Jules Vallès (11 June 1832 – 14 February 1885) was a French journalist, author, and left-wing political activist.

Early life
Vallès was born in Le Puy-en-Velay, Haute-Loire. His father was a supervisor of studies (pion), later a teacher, and unfaithful to Jules' mother. Jules was a brilliant student. The Revolution of 1848 in France found him participating in protests in Nantes where his father had been assigned to teach. It was during this period that he began to align himself with the budding socialist movement. After being sent to Paris to prepare for his entrance into Lycée Condorcet (1850) he neglected his studies altogether. He took part in the uprising against Napoleon III during the French coup of 1851, fighting together with his friend Arthur Ranc at one of the rare barricades on December 2. Vallès later fled to Nantes, where his father had him committed to a mental institution.(ref 1978, Bernard Noël e.a.) Thanks to help from his friend Antoine Arnould, he managed to escape a few months later. He returned to Paris, where he joined the staff of Le Figaro, and became a regular contributor to the other leading journals.

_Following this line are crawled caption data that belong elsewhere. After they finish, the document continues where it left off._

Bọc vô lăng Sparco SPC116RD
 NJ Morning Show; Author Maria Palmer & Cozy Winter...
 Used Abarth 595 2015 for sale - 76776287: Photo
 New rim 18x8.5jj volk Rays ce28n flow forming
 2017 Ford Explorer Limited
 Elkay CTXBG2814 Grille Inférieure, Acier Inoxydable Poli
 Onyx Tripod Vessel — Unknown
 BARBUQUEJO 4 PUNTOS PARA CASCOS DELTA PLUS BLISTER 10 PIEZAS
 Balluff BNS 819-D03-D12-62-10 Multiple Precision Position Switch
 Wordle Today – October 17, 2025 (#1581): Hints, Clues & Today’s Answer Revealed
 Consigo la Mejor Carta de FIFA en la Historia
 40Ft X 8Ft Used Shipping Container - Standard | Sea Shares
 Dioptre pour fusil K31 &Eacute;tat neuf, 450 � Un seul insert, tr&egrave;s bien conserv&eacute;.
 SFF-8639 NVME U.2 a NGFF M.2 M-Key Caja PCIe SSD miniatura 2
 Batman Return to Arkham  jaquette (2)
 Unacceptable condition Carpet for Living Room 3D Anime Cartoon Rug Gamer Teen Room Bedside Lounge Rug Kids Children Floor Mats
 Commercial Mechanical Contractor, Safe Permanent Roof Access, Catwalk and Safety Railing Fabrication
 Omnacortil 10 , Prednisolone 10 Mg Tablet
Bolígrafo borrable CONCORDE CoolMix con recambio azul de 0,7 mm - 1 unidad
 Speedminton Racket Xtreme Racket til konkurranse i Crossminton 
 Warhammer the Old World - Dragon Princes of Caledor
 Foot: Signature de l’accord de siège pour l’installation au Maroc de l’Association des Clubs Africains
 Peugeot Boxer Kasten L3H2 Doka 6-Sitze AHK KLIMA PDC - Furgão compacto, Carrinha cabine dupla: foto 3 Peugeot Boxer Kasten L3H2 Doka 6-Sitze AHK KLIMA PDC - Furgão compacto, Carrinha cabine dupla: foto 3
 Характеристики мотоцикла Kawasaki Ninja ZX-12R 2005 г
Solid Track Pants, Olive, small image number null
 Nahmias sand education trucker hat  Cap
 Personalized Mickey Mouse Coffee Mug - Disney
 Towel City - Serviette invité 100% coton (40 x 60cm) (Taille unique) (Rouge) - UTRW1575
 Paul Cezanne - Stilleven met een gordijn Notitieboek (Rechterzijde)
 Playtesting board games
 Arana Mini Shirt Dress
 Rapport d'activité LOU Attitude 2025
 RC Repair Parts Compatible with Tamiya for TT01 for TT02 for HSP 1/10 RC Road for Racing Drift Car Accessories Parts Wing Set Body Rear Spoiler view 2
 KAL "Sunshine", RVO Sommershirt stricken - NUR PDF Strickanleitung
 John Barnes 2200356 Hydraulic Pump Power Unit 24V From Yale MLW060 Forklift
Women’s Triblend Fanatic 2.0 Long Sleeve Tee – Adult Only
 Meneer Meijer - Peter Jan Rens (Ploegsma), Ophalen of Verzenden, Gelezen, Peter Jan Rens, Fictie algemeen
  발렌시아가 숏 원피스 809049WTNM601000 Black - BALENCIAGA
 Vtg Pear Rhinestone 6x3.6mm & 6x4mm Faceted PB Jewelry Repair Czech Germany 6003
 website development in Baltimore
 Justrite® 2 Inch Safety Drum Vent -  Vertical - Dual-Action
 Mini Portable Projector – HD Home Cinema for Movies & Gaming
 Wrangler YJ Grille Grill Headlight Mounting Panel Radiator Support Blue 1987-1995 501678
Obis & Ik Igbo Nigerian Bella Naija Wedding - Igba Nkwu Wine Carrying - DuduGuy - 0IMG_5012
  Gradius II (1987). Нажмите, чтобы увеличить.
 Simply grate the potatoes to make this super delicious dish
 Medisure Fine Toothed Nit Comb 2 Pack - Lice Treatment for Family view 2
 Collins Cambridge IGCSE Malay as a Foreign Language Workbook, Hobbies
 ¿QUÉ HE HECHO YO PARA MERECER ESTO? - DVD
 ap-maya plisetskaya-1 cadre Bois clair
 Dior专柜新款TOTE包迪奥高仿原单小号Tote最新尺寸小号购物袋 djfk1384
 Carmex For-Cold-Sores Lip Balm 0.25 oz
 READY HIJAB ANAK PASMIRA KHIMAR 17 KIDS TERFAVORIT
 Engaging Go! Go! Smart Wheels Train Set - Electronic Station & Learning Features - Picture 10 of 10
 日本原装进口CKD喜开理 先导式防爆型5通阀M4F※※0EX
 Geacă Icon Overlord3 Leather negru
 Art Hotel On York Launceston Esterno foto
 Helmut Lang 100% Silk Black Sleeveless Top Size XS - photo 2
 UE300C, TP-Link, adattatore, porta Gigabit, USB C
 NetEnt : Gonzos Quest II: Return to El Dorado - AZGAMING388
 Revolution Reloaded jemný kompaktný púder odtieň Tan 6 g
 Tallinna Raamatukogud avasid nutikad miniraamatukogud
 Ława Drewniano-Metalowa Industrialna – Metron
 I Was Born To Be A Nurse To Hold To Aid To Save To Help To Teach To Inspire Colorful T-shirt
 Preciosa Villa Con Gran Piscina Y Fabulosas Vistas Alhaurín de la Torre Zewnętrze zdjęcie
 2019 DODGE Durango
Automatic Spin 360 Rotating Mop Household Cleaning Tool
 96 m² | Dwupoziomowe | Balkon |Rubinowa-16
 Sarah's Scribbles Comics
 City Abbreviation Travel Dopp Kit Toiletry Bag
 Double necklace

In 1853 he was arrested for conspiring against Napoleon III,  but was later freed due to a lack of evidence. He lived in poverty, writing journalism for bread (the stock market page of the Figaro even, until fired for his bias against capitalism). It was under these conditions that he wrote his first book L'Argent (1857). Les Amours de Paille (1859), a comedy written in collaboration with Poupart-Davyl, was a failure.(ref 1990 Alain Viala) At the insistence of his colleague Henri Rochefort he found an administrative job issuing birth certificates for the Vaugirard town hall.(1860) He became a steady friend of Hector Malot and  began to live with his lover, Joséphine Lapointe. He decided to become a pion himself in Caen, but was quickly discharged. Back in Paris, his friend Hector Malot helped him reacquire his job at the town hall. In 1864–1865 he wrote literary criticism for Progrès de Lyon. In 1865 he collected much of his newspaper work in a book Les Refractaires that sold well. A second collection in 1866 La Rue had less success. In 1867 he started the newspaper La Rue, which was later suppressed by the government after a mere eight months of publication.

Republican opposition

By this time he was a recognized leader of the republican opposition against the Second French Empire. In 1865 he had lost his job at Vaugirard for a speech he gave against the capitalist society of the Second Empire, eluding the censorship by advertising a talk on Balzac. In 1868 he was twice convicted for press crimes: one month in prison for criticizing  the police, two months for criticising  the Empire. At the elections of 1869 he was the candidate to the left opposing the moderate Jules Simon.
He lost the election and went to work for La Marseillaise the newspaper of Henri Rochefort, meanwhile contributing to La Liberté of Émile de Girardin.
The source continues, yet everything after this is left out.